Thus this example expects the following input files put under the same directory, which ought to applicable for general question answering tasks:
- `question_corpus.csv`: Each record contains QuestionID and content separated by comma.
- `answer_corpus.csv`: Each record contains AnswerID and content separated by comma.
- `relation_train.csv` and `relation_valid.csv`: Question and answer correspondence for training and validation respectively.

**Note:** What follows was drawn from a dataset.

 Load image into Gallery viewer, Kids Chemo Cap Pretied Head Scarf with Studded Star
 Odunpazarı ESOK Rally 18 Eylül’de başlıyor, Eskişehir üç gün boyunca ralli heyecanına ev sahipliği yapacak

Each record contains QuestionID, AnswerID and label (0 or 1) separated by comma.
- If you wish, you can also follow similar steps listed in this [script](https://github.com/NTMC-Community/MatchZoo/blob/v1.0/data/WikiQA/run_data.sh) to process the raw WikiQA dataset.
__Word Embeddings:__
- We use [`glove.840B.300d.txt`](http://nlp.stanford.edu/data/glove.840B.300d.zip) in this example.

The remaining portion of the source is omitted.